Ils ont donné à cette « théorie » un joli nom : « théorème d'équivalence ricardien » et l'ont présenté au moyen de modèles mathématiques très sophistiqués, qui ne sont pas accessibles à la compréhension du grand public et même des économistes qui ne veulent pas perdre de temps avec le scolastique de l'économie mathématique. Selon ce « théorème », les déficits publics, même financés par la croissance de la dette publique – et non donc par des hausses d'impôts – seraient rapidement compensés par la réduction des dépenses du secteur privé. Ainsi, ce que l'un met dedans, l'autre plus dynamique enlève, de telle sorte que l'effet final peut être assez désastreux. C'est alors sur la base de ce type de « théorie » que les économistes courant dominant ont tendance à effrayer les politiciens en leur demandant impérieusement d'opter pour l'austérité budgétaire et monétaire.
Or, cette proposition soi-disant positive n'est étayée par aucune donnée historique des économies capitalistes en général. Les statistiques macroéconomiques montrent simplement que ce n'est pas vrai [1]. Or, les économistes qui ont formulé cette conjecture s'appuyaient sur des évidences imaginaires : selon eux, les agents du secteur privé forment des anticipations rationnelles sur le comportement de l'État : si aujourd'hui le secteur public se finance en augmentant son déficit, demain il augmentera les impôts pour équilibrer votre budget ; par conséquent, le seul comportement rationnel du secteur privé est de contracter ses dépenses immédiatement.
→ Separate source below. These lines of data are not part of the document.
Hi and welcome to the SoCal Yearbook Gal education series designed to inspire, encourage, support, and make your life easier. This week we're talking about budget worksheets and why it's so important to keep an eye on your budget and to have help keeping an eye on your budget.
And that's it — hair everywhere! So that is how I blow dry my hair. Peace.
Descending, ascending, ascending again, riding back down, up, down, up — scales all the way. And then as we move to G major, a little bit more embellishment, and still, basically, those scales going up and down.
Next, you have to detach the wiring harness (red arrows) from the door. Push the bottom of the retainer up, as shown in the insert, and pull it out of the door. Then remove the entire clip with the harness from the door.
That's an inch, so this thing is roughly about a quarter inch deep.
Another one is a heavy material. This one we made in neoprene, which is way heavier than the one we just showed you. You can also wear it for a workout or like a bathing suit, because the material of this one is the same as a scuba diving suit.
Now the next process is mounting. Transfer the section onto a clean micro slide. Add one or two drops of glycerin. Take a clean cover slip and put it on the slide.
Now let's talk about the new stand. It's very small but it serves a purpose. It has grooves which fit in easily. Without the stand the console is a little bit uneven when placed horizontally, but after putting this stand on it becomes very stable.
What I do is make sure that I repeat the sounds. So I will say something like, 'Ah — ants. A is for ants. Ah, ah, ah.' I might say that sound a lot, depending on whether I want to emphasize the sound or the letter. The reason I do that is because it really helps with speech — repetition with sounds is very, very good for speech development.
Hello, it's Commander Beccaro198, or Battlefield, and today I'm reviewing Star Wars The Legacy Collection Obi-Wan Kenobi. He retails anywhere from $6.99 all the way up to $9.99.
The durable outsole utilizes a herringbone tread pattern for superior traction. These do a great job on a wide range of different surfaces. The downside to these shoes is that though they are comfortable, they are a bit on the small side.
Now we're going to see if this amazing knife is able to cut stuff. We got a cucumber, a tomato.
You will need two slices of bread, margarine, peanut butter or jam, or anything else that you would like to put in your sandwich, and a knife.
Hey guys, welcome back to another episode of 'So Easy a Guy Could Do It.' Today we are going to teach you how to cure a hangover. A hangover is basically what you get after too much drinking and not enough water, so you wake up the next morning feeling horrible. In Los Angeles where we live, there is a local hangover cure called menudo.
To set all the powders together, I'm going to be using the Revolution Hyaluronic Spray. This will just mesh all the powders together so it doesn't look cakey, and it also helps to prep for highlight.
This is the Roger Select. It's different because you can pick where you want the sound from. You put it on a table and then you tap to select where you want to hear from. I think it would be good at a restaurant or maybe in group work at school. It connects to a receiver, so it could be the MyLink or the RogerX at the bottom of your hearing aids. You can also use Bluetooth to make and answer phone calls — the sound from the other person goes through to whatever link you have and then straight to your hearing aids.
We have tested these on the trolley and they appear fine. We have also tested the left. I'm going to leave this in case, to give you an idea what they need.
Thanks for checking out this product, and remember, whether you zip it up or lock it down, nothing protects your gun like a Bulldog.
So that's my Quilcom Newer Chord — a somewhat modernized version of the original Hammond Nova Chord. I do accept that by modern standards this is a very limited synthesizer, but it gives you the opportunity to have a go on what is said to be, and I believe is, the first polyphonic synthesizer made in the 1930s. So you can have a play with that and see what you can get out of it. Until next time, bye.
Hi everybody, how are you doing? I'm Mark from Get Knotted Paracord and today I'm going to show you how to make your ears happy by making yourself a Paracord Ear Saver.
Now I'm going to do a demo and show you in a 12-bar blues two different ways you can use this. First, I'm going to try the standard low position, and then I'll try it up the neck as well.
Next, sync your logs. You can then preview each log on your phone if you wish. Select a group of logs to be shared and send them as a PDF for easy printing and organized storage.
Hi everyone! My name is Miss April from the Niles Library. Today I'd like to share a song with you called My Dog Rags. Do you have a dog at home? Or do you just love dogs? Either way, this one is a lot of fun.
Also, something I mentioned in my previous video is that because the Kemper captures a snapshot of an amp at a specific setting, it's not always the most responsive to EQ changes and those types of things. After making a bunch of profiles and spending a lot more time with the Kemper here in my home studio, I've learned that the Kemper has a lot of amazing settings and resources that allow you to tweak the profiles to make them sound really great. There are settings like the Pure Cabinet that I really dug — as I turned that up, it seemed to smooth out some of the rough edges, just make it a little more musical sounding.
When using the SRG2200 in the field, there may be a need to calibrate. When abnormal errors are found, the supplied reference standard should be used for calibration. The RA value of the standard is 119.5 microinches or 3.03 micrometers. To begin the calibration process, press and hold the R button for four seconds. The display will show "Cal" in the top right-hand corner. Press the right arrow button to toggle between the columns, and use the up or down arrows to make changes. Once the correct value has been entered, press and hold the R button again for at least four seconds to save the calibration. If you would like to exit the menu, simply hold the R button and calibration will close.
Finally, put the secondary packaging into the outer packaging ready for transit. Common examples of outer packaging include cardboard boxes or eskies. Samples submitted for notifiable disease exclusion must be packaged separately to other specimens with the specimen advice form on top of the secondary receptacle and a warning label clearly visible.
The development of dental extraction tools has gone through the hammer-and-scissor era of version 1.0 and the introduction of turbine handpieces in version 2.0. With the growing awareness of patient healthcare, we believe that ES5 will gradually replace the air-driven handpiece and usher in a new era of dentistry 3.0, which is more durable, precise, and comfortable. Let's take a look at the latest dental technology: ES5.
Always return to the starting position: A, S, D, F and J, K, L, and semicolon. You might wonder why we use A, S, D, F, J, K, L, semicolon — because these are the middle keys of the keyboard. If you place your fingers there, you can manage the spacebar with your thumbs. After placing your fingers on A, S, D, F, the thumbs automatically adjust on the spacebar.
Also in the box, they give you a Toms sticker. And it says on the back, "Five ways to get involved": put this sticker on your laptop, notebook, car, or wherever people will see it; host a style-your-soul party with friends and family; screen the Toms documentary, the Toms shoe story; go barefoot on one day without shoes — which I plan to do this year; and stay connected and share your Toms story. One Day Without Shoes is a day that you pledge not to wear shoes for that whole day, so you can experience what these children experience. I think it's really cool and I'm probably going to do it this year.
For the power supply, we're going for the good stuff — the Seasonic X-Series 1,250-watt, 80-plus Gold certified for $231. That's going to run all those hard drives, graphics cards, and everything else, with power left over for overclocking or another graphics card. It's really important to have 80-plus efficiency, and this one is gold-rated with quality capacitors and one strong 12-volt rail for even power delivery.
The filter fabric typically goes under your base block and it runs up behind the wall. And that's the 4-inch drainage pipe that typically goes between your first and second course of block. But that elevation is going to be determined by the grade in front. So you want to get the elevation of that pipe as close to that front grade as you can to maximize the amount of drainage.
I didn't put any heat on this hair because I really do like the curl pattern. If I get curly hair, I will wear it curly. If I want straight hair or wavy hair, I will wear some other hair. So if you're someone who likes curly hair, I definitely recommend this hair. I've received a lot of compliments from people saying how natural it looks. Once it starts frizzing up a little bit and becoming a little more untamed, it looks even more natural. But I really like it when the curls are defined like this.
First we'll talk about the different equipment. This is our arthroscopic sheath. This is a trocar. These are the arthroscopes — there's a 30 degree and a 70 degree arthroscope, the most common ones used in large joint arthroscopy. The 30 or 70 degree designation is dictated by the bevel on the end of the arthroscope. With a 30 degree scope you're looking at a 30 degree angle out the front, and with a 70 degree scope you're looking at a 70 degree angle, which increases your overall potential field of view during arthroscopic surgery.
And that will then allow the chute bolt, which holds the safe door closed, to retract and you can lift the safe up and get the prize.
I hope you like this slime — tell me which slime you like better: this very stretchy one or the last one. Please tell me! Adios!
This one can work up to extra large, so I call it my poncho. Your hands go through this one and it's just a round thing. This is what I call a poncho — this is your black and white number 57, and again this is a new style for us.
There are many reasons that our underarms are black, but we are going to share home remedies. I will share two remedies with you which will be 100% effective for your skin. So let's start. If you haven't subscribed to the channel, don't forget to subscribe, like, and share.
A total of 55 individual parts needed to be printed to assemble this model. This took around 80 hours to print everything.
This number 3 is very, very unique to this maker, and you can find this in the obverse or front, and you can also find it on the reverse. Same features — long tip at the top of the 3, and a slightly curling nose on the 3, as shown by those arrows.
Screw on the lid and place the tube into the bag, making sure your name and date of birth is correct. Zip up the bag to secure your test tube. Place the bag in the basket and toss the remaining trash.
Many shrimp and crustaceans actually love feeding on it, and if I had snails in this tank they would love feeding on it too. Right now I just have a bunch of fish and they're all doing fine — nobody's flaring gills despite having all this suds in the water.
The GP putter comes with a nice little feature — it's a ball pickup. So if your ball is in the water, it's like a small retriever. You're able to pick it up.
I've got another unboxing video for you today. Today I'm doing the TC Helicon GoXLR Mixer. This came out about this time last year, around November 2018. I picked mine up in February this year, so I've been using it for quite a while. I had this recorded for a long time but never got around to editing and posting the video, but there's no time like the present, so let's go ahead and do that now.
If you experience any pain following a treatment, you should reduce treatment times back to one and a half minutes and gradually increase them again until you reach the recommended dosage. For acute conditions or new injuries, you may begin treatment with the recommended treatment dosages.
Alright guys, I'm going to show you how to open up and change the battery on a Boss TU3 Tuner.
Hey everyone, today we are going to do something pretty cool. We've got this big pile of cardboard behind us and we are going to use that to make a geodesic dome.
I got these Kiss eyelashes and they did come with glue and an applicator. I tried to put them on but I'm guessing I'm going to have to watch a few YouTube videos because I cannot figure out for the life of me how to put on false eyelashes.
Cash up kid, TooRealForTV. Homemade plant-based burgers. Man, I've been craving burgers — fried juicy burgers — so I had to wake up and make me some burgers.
Ils supposent donc que les agents privés ont appris cette leçon non pas de l'expérience pratique, évidemment, mais des « traités » que ces économistes hautement compétents ont rédigés dans l'espoir de remporter un prix (ig)nobel d'économie.
Face à cette situation, pour celui qui écrit ici, il n'est pas possible d'avoir une coexistence démocratique avec des économistes qui ont opté pour une économie technocratique. Notez qu'en raison de la fragilité de leurs positions, ils ont tendance à se comporter de manière extrêmement arrogante. Au contraire, il faut les critiquer pour qu'ils se restreignent dans leurs pratiques d'enseignement et de gouvernance, qui in fine minent la démocratie et même le bien-être de la majorité de la population, ainsi qu'éventuellement l'avenir de la civilisation.
* Eleutério FS Prado c'est pdirecteur et professeur principal au Département d'économie de l'USP. Auteur, entre autres livres, de Complexité et pratique (Pléiade).
Note
[1] Voir Podkaminer, Léon. « Prélude à une critique de la doctrine d'équivalence ricardienne ». Dans: Examen de l'économie du monde réel, n° 93, 2020.